**Data for processing:**
============
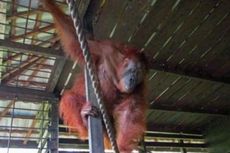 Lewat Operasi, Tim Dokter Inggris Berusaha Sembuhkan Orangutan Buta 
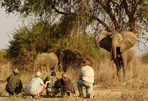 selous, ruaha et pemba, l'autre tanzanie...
============
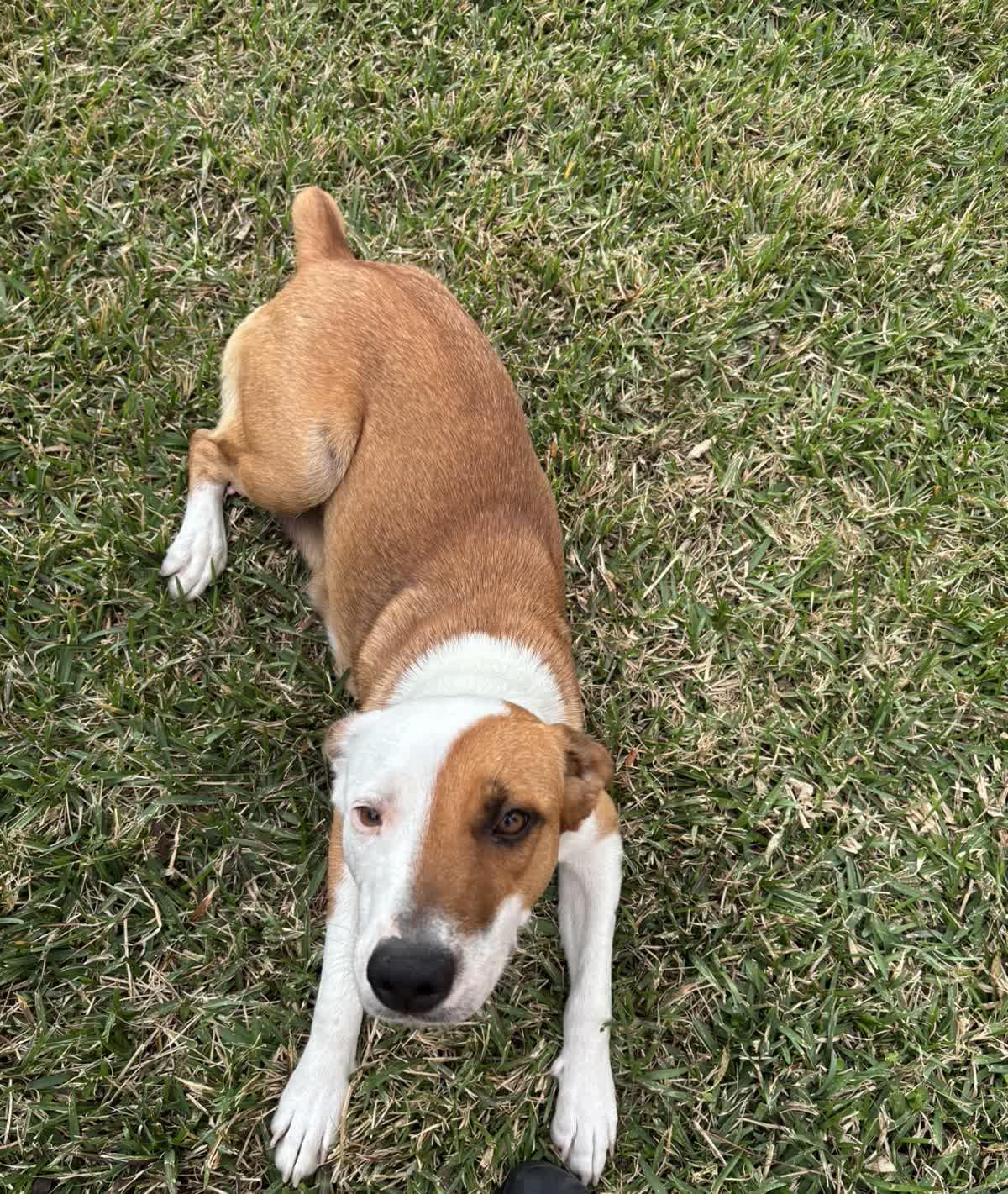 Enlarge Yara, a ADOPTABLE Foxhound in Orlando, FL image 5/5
============
**Work to complete:** In the data above, the stretch from the line with "Lewat Operasi, Tim" through the line with "selous, ruaha et pemba, l'autre tanzanie..." is to be returned exactly, minus any pictures.

**Solution to the exercise:**
 Lewat Operasi, Tim Dokter Inggris Berusaha Sembuhkan Orangutan Buta 
 selous, ruaha et pemba, l'autre tanzanie...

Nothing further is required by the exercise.